“Men train for aesthetics, where as women train for application. This statement is bold, but is saturated with truth,” says Jay  Cardiello, certified strength and conditioning coach and the creator of JCORE,

Before you think this takes your chest press exercise too far, think twice. When was the last time you really worked out your hips? Men, may need to think about it, while women could give you a breakdown of reps and sets. But ladies when was the last time you performed a barbell chest press? (Yes, I’m not talking about a cable chest press. I’m talking about sitting on the men’s bench).

If you’re not a trainer, you may not notice this gender disparity when training, but the truth is that while men overemphasize the mirror muscles—chest, anterior part of the shoulders, and biceps—women neglect exercises needed for strength—chest press, barbell deadlift, among others—while overemphasizing the hip muscles.

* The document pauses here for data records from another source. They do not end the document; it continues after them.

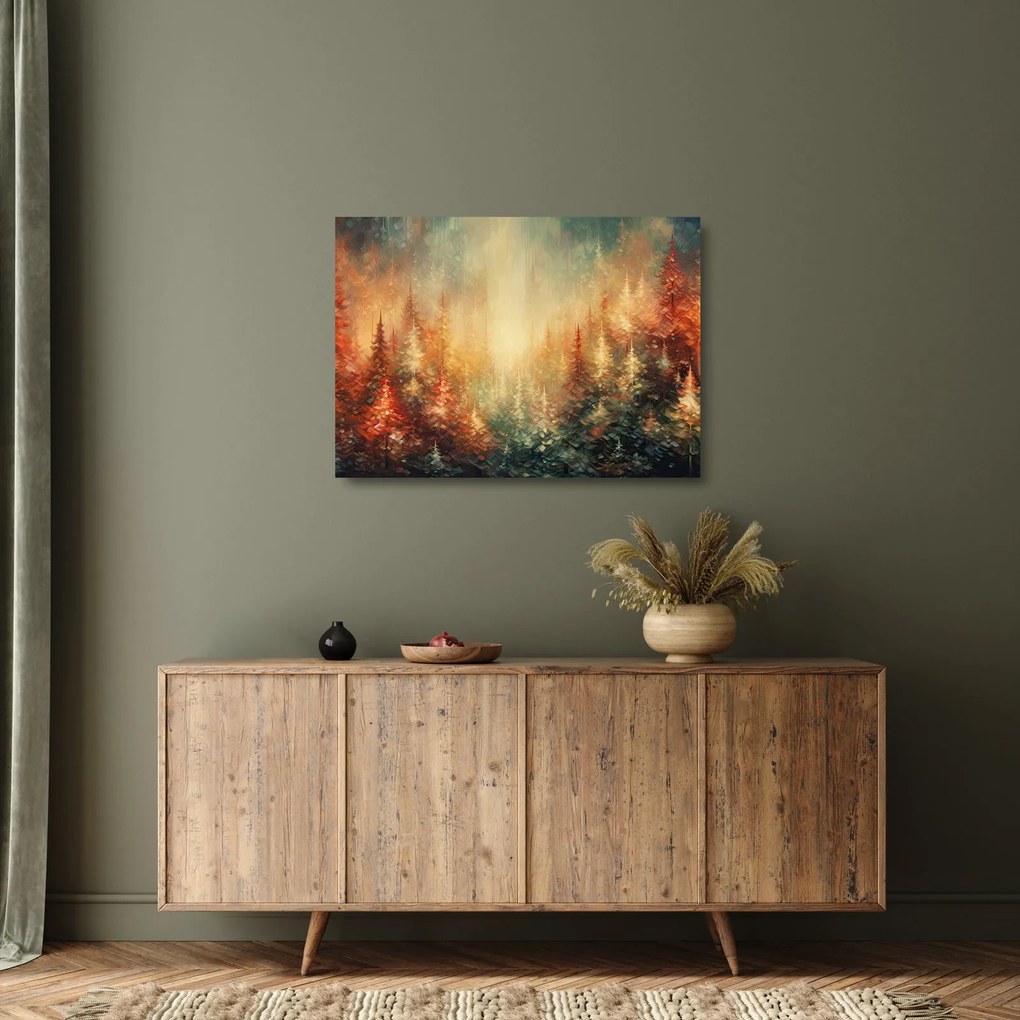 Obraz na szkle - Malowanie lasów (70x50 cm)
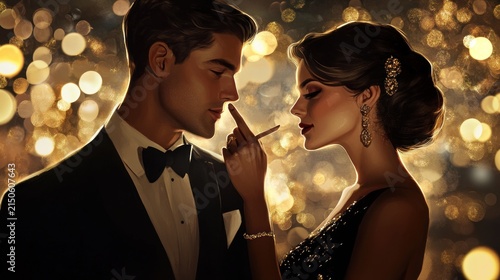 Elegant couple in formal wear enjoying a romantic evening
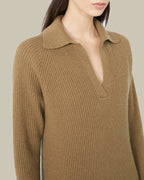 MANA Beige Cable Knit Skipper Collar Polo Dress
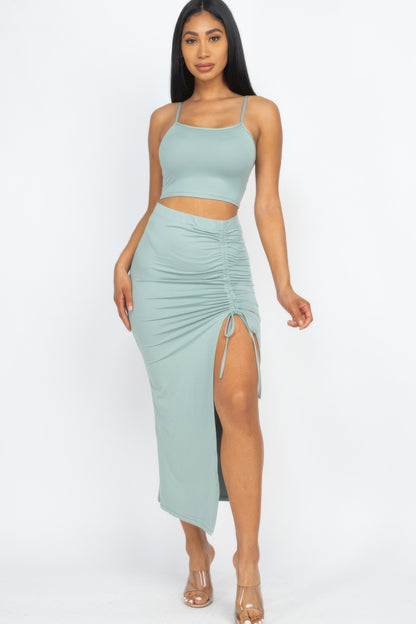 Cami Crop Top & Ruched Side Split Hem Midi Skirt Set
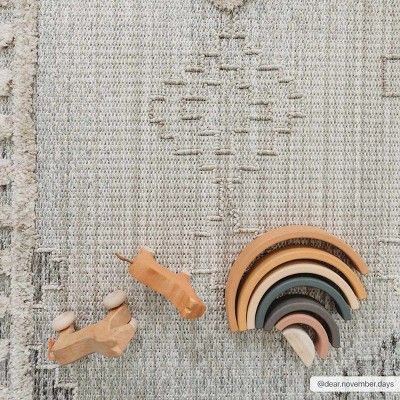 Amaga Gray and Cream High-Low Polyester Runner Rug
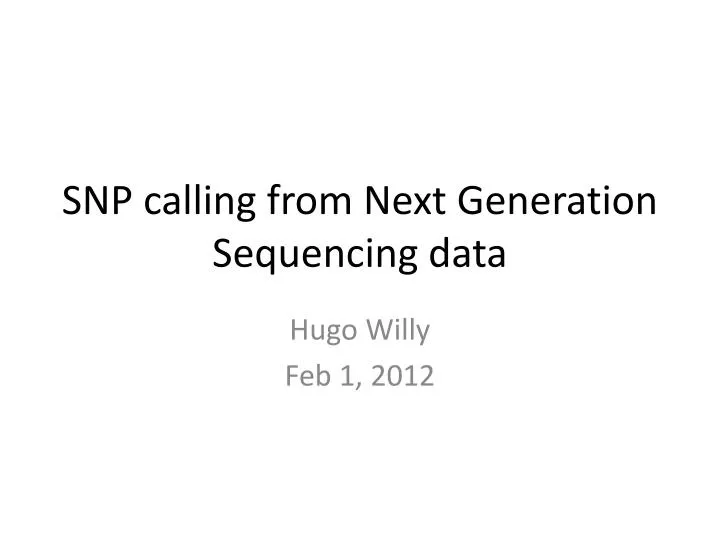 snp calling from next generation sequencing data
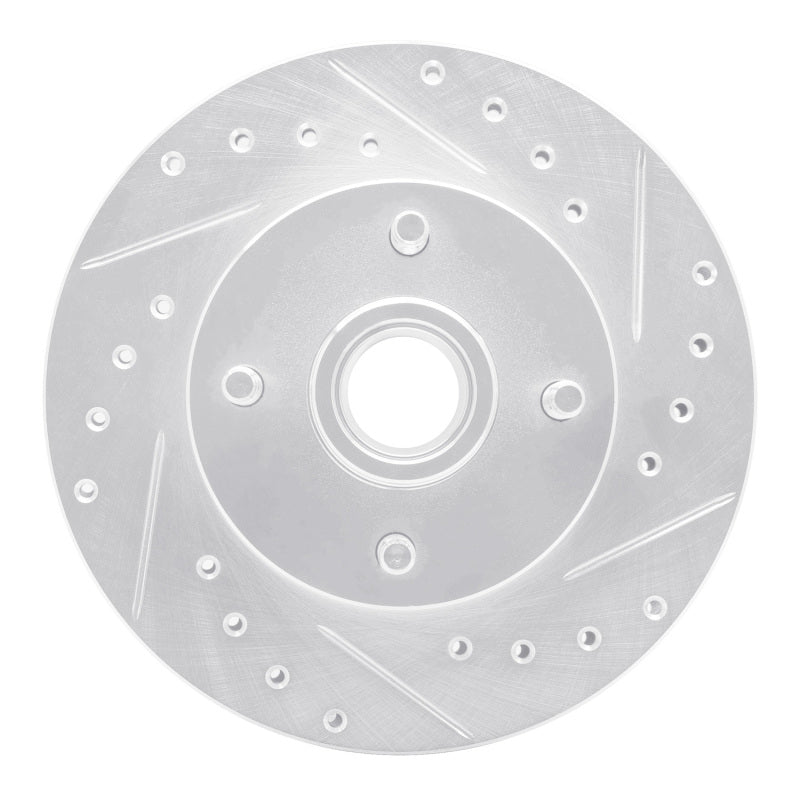 R1 78-93 Ford Granada Front Right Drilled &amp; Slotted Silver Brake Rotor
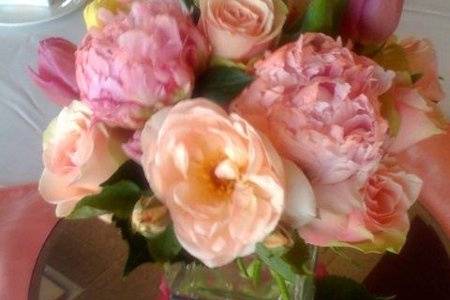 Beautiful late Spring combination of Peonies, Garden roses and tulips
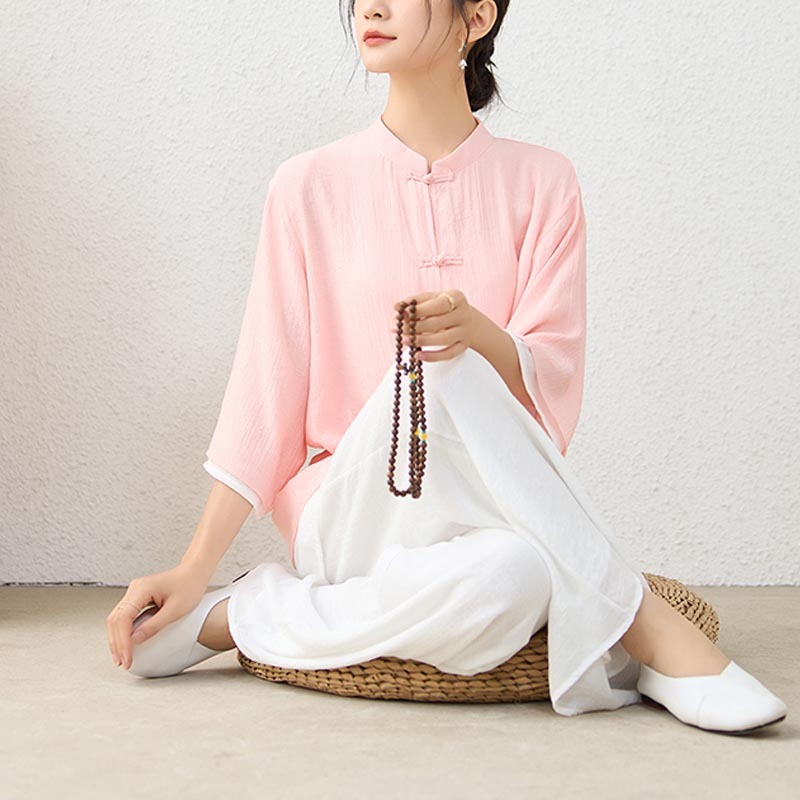 2Pcs Simple Chinese Frog Button Design Top Pants Meditation Yoga Zen Tai Chi Cotton Clothing Women's Set
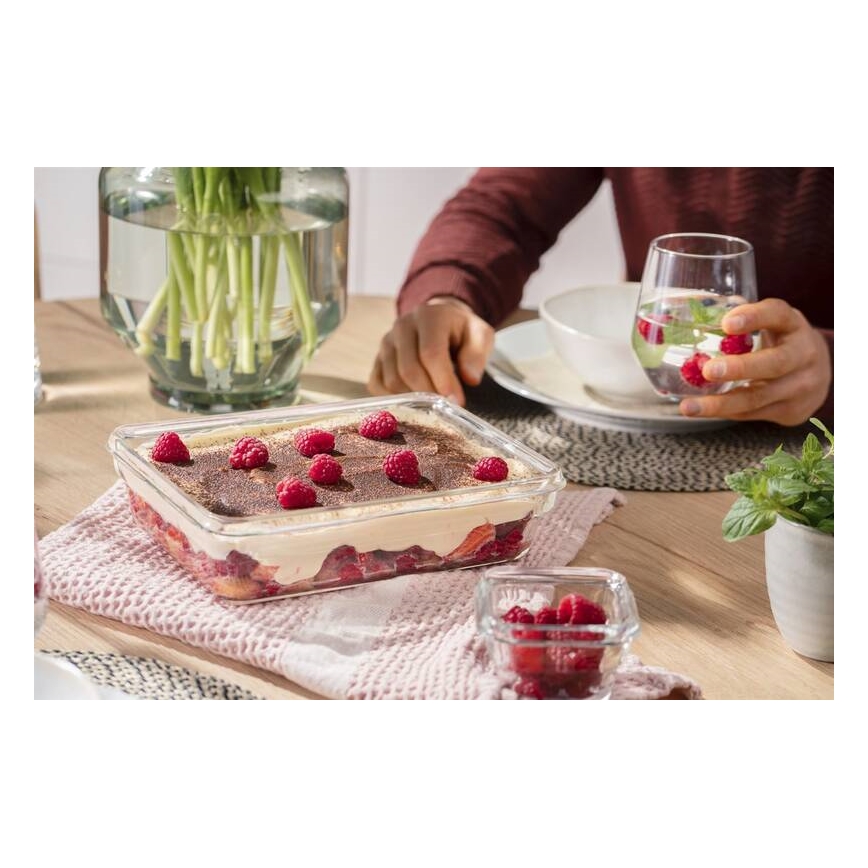 Tefal - Пищевой контейнер 3 л MSEAL GLASS красный/стекло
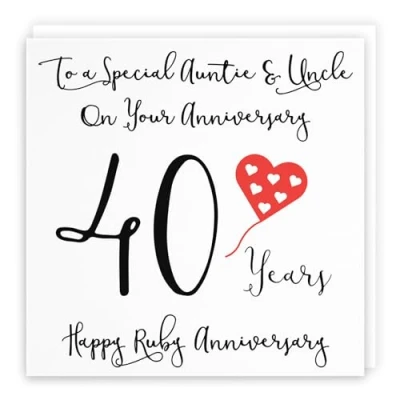 Image of Hunts England Auntie And Uncle 40th Anniversary Card To A Wonderful &amp; On Your 40 Years Happy Ruby Love Heart Collection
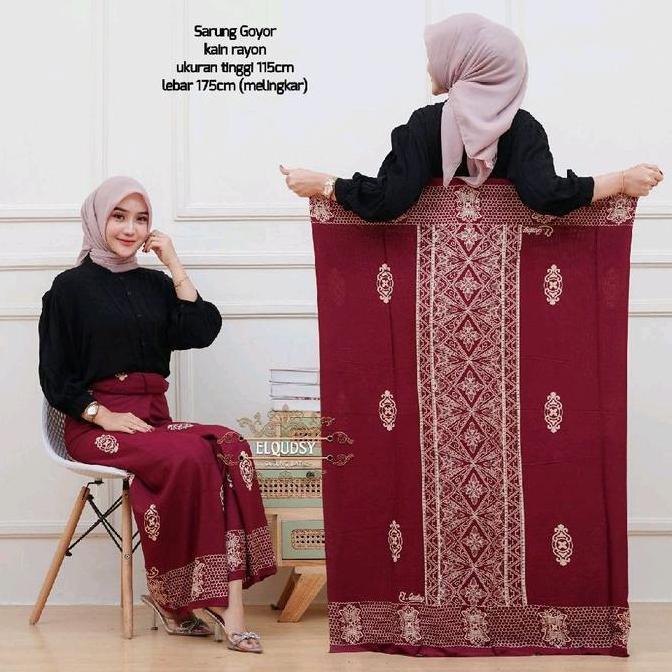 Afiid New 5 Sarung Santri putri Sarung Rayon Goyor sarung santri pondok Wanita/Pria Muslim Adem Lemb
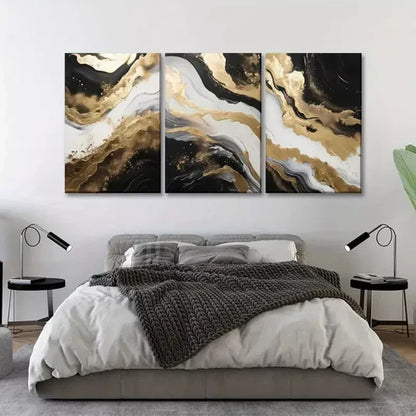 3pcs Abstract Wall Art Black and Gold Wall Art Set Canvas Unframed - High Quality Print 100% Australian Made Wall Canvas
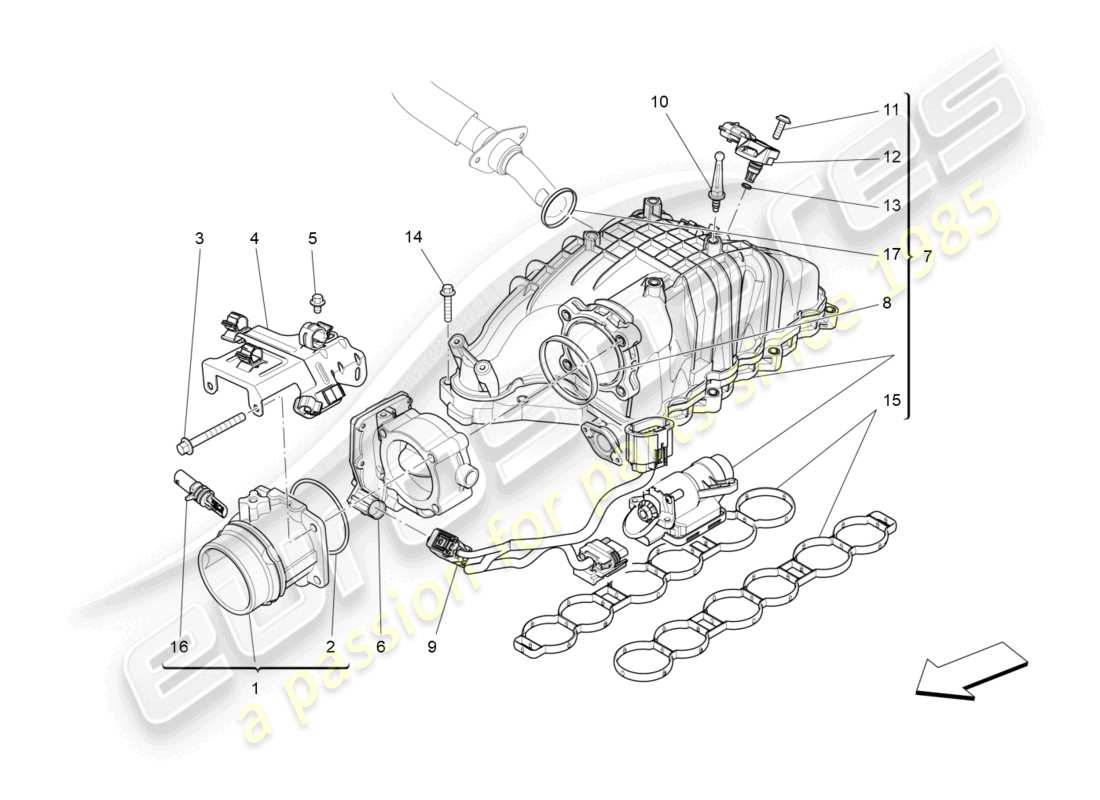 maserati ghibli (2018) intake manifold and throttle body parts diagram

Nevertheless, Cardiello considers women may be smarter than men when training. “Women train on a Prehab level, in order to create symmetry, balance and posterior strength, which avoids Rehab(ilitation) or injury,” he says. “Men choose anterior-overloaded protocols that create nothing more than an asymmetrical, imbalanced shell. This overdeveloped imbalance does nothing more than create a shorter road to Rehab(ilitation) or injury.”

Venus and Mars Fitness

Neither women nor men should feel guilty about their workouts of choice if they understand where these exercise preferences come from. This way you can adjust your workout and not get trapped on anatomic and other body composition issues that are intrinsic to your gender.

Without getting into complex exercise physiology, let’s say that men have more body mass and less body fat than women. But the way this tissue is distributed across the body also differs. Men have more upper muscle mass than women and tend to accumulate more belly fat—until women reach menopause in which this fat pattern disposition levels up—while women have less upper muscle mass and tend to accumulate fat around the hips.

This muscle mass to body fat ratio may explain why guys love the bench press, while women—in their restless effort to “shrink” the hips—love anything that means “squeeze the glutes.”

However, the truth that men are stronger than women fades when compared to relative values in which some studies show that women may exhibit 53% of the strength of males in the bench press, and a stunning 106% of the strength of males in the leg muscles—when scores are adjusted by weight and body fat.

Another anatomic difference that may explain the exercise preferences between the sexes is that women tend to be more flexible than men. (Now men understand why they struggle to keep the leg straight while doing a single deadlift.) So women may be more comfortable doing exercises in which they flex and bend, which are more functional movements than a bicep curl.

Although, the anatomy and hormonal differences among the genders may dictate your exercise choices, this does not mean you have to stick with it. If you are a man and keep overworking the shoulders and the biceps, you are setting up for aesthetic—you will look good in your tight T-shirt, but nothing else, maybe—and application failure—i.e., daily life movements and sports.

The opposite is true. If you are a women and focus on exercises that combine balance and flexibility along with overemphasizing the leg exercises, you will underperform on the daily life activities because of lack of strength, particularly in the upper musculature. Likewise, a broader upper frame will make the waist look smaller and will help you stand straight, which minimizes your belly pouch too.

Fill Your Needs

If you are a woman, shake up your workout while adding some “aesthetic”—stronger upper body and some power—strength and speed—to your workout. For men, dive into the “application”—meaning to focus on multi-joint movements that emphasize the leg, core, and overall satiability along with hip strength exercises, which will not only make you look better from behind but also accomplish daily physical tasks and/or sports activities with less effort and reduce injury risk.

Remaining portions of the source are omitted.